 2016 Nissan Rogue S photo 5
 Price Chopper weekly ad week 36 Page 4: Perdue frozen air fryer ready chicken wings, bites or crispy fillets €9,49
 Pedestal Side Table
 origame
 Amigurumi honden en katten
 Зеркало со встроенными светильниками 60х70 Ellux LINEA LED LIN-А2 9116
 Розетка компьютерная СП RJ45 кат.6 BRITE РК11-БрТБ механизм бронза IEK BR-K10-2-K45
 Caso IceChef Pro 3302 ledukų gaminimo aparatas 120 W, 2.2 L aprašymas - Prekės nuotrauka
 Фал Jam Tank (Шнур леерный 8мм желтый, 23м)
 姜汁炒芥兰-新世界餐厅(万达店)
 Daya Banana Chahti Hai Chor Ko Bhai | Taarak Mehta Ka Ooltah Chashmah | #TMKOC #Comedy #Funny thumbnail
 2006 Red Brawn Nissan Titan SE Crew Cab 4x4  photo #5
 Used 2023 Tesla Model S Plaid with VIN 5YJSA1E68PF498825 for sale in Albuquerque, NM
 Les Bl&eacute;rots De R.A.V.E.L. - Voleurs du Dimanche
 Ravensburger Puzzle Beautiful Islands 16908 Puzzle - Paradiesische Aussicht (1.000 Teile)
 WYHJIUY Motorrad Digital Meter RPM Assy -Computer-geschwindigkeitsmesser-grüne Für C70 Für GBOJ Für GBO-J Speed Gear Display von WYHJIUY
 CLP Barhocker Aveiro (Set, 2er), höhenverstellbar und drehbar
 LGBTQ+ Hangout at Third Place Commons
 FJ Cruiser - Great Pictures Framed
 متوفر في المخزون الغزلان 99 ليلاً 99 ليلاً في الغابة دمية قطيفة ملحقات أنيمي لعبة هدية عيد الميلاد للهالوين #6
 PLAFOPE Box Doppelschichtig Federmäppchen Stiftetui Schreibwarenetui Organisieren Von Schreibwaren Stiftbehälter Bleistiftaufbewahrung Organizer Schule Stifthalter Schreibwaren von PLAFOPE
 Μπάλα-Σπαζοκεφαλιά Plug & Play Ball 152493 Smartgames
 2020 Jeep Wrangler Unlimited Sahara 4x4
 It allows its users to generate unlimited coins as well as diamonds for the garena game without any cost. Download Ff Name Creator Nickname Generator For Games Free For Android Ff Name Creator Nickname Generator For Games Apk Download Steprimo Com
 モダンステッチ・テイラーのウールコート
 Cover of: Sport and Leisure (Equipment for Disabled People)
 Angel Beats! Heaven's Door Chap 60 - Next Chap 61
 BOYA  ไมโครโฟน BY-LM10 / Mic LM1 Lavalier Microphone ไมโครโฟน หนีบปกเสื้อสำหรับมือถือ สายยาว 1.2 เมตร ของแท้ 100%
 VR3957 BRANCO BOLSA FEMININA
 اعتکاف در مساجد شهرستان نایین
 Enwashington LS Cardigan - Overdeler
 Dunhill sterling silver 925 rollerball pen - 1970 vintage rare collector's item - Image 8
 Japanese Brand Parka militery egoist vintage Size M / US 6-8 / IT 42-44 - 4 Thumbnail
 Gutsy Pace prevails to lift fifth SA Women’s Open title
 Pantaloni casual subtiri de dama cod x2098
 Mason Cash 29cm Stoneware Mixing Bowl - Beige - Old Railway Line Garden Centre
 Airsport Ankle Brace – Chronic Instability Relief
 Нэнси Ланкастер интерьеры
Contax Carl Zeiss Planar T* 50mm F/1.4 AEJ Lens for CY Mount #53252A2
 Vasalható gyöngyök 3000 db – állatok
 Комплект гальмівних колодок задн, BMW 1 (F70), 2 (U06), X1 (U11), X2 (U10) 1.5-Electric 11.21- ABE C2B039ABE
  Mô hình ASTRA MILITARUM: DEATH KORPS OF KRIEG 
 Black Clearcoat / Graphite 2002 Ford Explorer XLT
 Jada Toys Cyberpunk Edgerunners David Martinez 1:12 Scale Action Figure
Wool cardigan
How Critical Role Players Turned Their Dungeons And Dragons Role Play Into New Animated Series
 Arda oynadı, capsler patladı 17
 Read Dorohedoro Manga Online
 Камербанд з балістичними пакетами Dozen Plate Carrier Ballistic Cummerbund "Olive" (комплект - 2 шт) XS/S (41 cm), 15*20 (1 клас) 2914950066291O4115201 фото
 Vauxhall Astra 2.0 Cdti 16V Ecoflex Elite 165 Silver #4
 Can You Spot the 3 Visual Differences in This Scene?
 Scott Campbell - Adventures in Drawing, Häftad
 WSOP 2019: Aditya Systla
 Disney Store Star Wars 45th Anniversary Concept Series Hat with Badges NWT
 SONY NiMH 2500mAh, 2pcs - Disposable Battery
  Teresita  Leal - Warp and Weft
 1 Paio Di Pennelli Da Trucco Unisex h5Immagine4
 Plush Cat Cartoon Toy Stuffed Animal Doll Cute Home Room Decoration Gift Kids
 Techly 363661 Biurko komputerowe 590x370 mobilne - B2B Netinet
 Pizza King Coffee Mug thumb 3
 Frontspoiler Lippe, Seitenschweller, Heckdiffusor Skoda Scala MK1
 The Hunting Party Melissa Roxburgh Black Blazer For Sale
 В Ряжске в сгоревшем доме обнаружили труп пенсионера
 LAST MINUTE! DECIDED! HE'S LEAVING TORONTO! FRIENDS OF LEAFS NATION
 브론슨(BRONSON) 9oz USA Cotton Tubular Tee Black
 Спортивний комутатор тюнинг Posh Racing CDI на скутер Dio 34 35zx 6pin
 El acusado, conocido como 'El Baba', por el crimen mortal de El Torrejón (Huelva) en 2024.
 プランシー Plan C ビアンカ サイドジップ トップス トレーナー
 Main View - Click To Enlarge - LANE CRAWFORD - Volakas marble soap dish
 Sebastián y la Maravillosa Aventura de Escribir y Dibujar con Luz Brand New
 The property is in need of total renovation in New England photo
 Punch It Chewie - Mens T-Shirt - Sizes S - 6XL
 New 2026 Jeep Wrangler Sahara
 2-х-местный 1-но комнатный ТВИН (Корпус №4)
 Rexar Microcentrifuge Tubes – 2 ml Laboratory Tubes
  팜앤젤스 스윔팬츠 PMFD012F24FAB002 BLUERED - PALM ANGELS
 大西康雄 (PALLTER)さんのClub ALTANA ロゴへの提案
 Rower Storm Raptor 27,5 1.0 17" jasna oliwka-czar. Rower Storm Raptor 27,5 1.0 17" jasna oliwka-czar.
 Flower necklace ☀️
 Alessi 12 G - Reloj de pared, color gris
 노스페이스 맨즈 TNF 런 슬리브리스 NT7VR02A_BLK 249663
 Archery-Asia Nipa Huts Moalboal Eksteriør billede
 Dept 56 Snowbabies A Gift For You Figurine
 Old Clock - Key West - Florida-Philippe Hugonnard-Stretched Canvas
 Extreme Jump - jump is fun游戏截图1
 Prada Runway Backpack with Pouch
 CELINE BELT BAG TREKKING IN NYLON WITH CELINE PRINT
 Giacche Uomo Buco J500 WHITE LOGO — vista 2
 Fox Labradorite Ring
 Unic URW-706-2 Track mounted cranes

_Exercise details_
Write out, from the lines above, only those from the line with "Зеркало со встроенными" to the line with "متوفر في المخزون", exactly as given, including the first and the last.

_Result of the task_
 Зеркало со встроенными светильниками 60х70 Ellux LINEA LED LIN-А2 9116
 Розетка компьютерная СП RJ45 кат.6 BRITE РК11-БрТБ механизм бронза IEK BR-K10-2-K45
 Caso IceChef Pro 3302 ledukų gaminimo aparatas 120 W, 2.2 L aprašymas - Prekės nuotrauka
 Фал Jam Tank (Шнур леерный 8мм желтый, 23м)
 姜汁炒芥兰-新世界餐厅(万达店)
 Daya Banana Chahti Hai Chor Ko Bhai | Taarak Mehta Ka Ooltah Chashmah | #TMKOC #Comedy #Funny thumbnail
 2006 Red Brawn Nissan Titan SE Crew Cab 4x4  photo #5
 Used 2023 Tesla Model S Plaid with VIN 5YJSA1E68PF498825 for sale in Albuquerque, NM
 Les Bl&eacute;rots De R.A.V.E.L. - Voleurs du Dimanche
 Ravensburger Puzzle Beautiful Islands 16908 Puzzle - Paradiesische Aussicht (1.000 Teile)
 WYHJIUY Motorrad Digital Meter RPM Assy -Computer-geschwindigkeitsmesser-grüne Für C70 Für GBOJ Für GBO-J Speed Gear Display von WYHJIUY
 CLP Barhocker Aveiro (Set, 2er), höhenverstellbar und drehbar
 LGBTQ+ Hangout at Third Place Commons
 FJ Cruiser - Great Pictures Framed
 متوفر في المخزون الغزلان 99 ليلاً 99 ليلاً في الغابة دمية قطيفة ملحقات أنيمي لعبة هدية عيد الميلاد للهالوين #6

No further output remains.